After all of the advocacy I do for Autoimmune Illnesses, Lupus, RA, Sjogren's, and also Arthritis the AI kind, as well as osteoarthritis, along with Cancer and Heart Disease, sometimes the issues of Chronic Pain kind of take a "back seat" in my activist roles. 

So, since Chronic Pain, which of course I know all too well, from my own personal and up close experience with it now for many years, well before the Autoimmune Issues were diagnosed, I suffered from such horrific Migraines that I was sick with them sometimes several times a month, for many years throughout the time I was about 17 years old, until about the age of 45 or so. 

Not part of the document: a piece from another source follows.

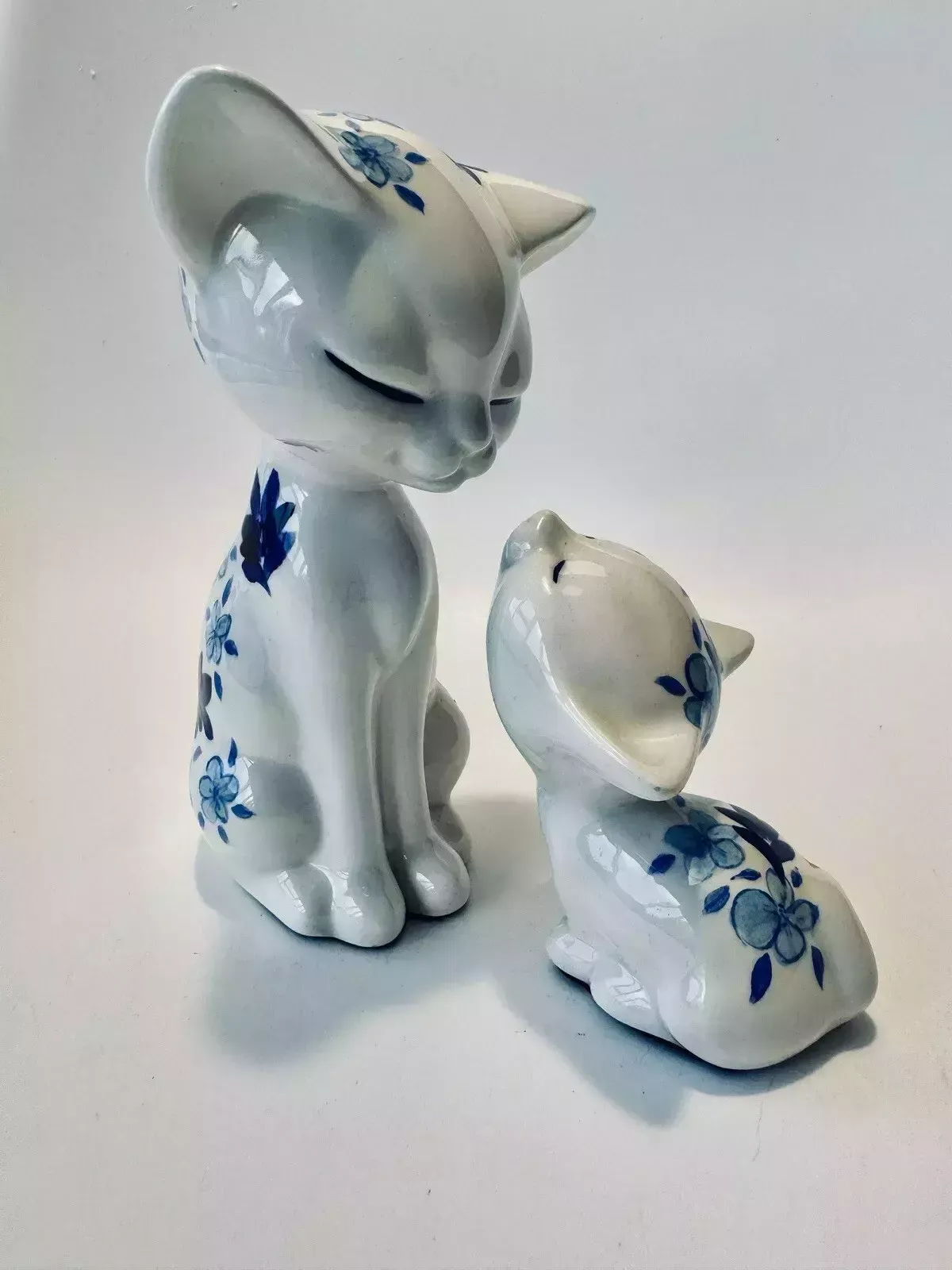 Mid Century Mcnees Cat And Kitten Figurines Hand Painted By Sandra Palmer photo vintage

They became so bad at times, that I had to resign jobs, that I had been in for years at a time. It became such a burden, yet back then there were not many answers as far as migraines went. They had very few medications, most of them of course narcotic pain medication, and even back then, the doctors were so leery about giving them. But, if I did not have my prescriptions, it never failed I wound up in the Emergency Room so many times, and even that for one got OLD very quickly, and for TWO, of course the ER doctors began to think of course I was after the "drugs" rather than having Migraines so bad. 

So, oddly enough, once the diagnosis of the autoimmune illnesses were made, and I finally found after years and years of suffering by then all types of chronic pain issues, an awesome Pain Management doctor, who has been taking care of me now for at least 8 years maybe more... and he even put in my internal pain pump in 2010. 

My migraines seemed to have calmed down, even before the pain pump. and began to change. I began to have "Lupus Migraines"... and an injection of corticosteroids, along with a step down pack for 7 to 14 days, was the only thing that helped those.


But, my chronic pain became more complicated due to all of the severe joint issues, of which some I have had surgery and others still bother me with chronic pain, which is a part of many AI illnesses.

So, I felt compelled to now do some advocacy work in the realms of Chronic Pain.

Thus my reason for helping out with National Pain Awareness Month, and the Beautify in Blue Campaign. I hope to be able to help educate others about Chronic Pain, and just how badly it can also effect your quality of life. 

Saturday, August 22, 2015

Daily Life with Autoimmune Illnesses, RA,Lupus,Sjogren's, family, friends, doctors and all in between

It seems I've been almost "stuck" on this subject of living daily visits and such they come along with them.

I have found that at times I get so "technical" on my blog, I forget to just discuss daily life... my family, Mom, my grown kids, my Grand kids, and all of the medications, symptoms, side effects, and ongoing things that many of us face in our daily walk of life.

But, when you have any type of "chronic illness and/or pain" "nothing" is typical. Waking up in the morning and feeling "okay" aat times in itself a challenge. Then you face LOADS of medications that sometimes become an "evil necessary in order for you to have any type of quality of daily living.

Even though with all of the meds, keeping up with doctors visits,trying to take as good of care of yourself as possible... there are still errands, families, bills to pay, food to buy, and "we" as patients all too often find ourselves "overloaded" with some of the daily tasks that before we were chronically ill, would have been a breeze.

I have a "GREAT DEAL" I shall catch you up with tomorrow, Sunday morning. I HOPE that I feel well enough FINALLY that I can go back to church in the morning. Even something such as going to church can have to be 'put on hold" if you are ill, or are in too much pain... nothing is "ever" good to go, for the most part... almost every aspect of life is a challenge or gets challenged by the horrid evil illnesses.....

Here is a bit, from a post of mine on FB.. and I will continue tomorrow....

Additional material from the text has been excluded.